■ **What this task involves**
Below this sentence is a listing; return exactly its lines from the one with "four ultra-thin dental" to the one with "모발이식[비절개 모발이식(2700모)]", both kept, and nothing more.

■ **Data to process**
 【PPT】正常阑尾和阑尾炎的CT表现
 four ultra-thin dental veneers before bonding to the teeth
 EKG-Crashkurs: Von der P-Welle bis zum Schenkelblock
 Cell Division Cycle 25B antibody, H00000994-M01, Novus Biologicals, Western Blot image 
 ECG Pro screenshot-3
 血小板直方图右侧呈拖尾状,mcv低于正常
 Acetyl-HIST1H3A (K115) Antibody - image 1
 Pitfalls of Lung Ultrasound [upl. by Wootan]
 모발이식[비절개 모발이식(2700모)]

==

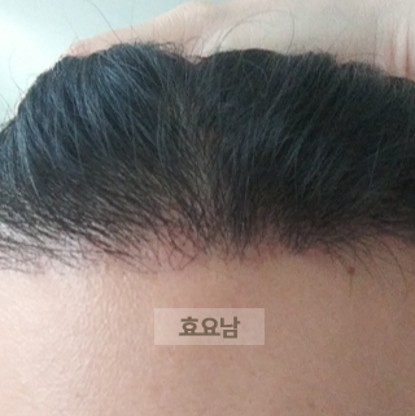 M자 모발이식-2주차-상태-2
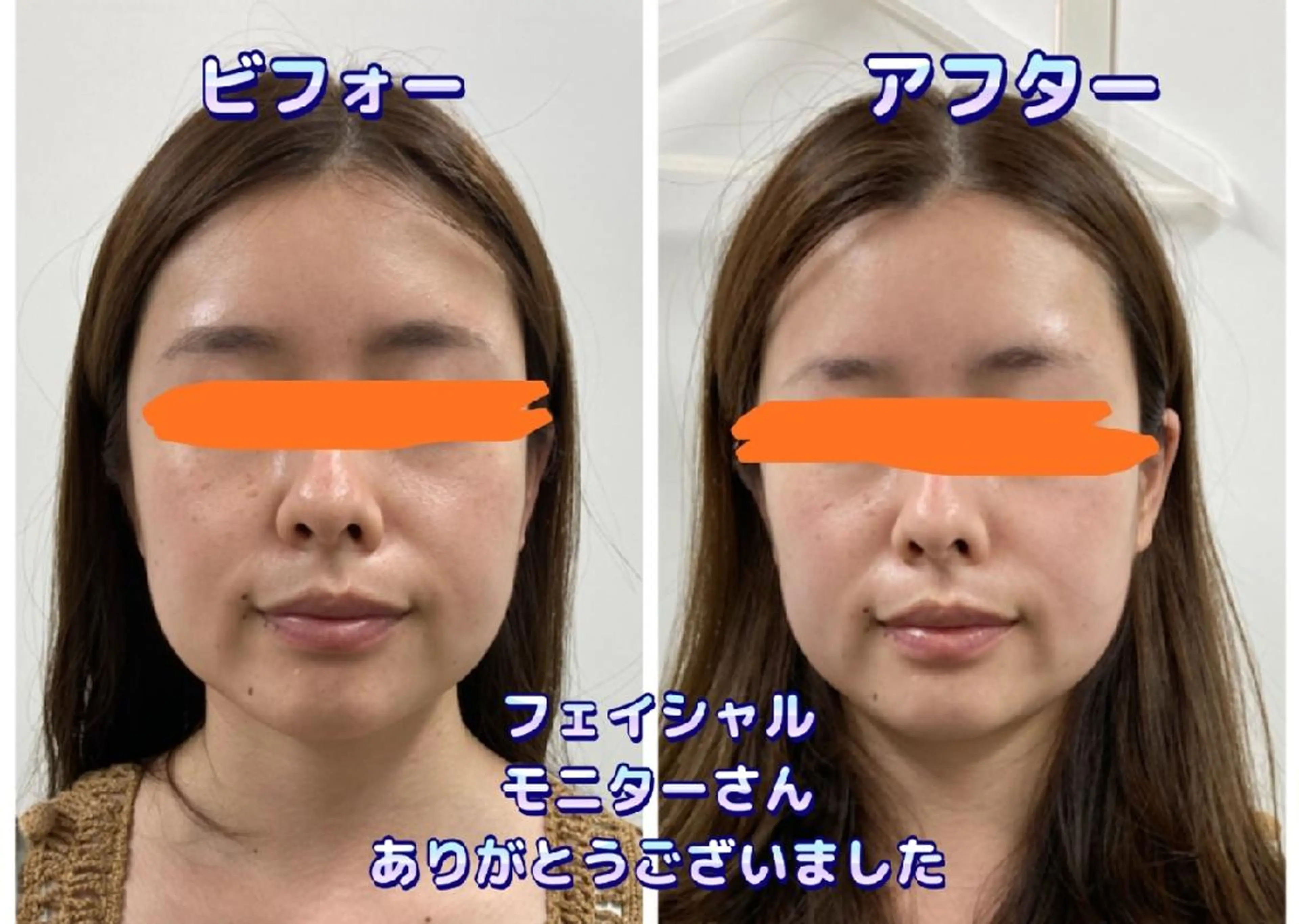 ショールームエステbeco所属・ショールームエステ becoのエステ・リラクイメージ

■ **Answer to this exercise**
 four ultra-thin dental veneers before bonding to the teeth
 EKG-Crashkurs: Von der P-Welle bis zum Schenkelblock
 Cell Division Cycle 25B antibody, H00000994-M01, Novus Biologicals, Western Blot image 
 ECG Pro screenshot-3
 血小板直方图右侧呈拖尾状,mcv低于正常
 Acetyl-HIST1H3A (K115) Antibody - image 1
 Pitfalls of Lung Ultrasound [upl. by Wootan]
 모발이식[비절개 모발이식(2700모)]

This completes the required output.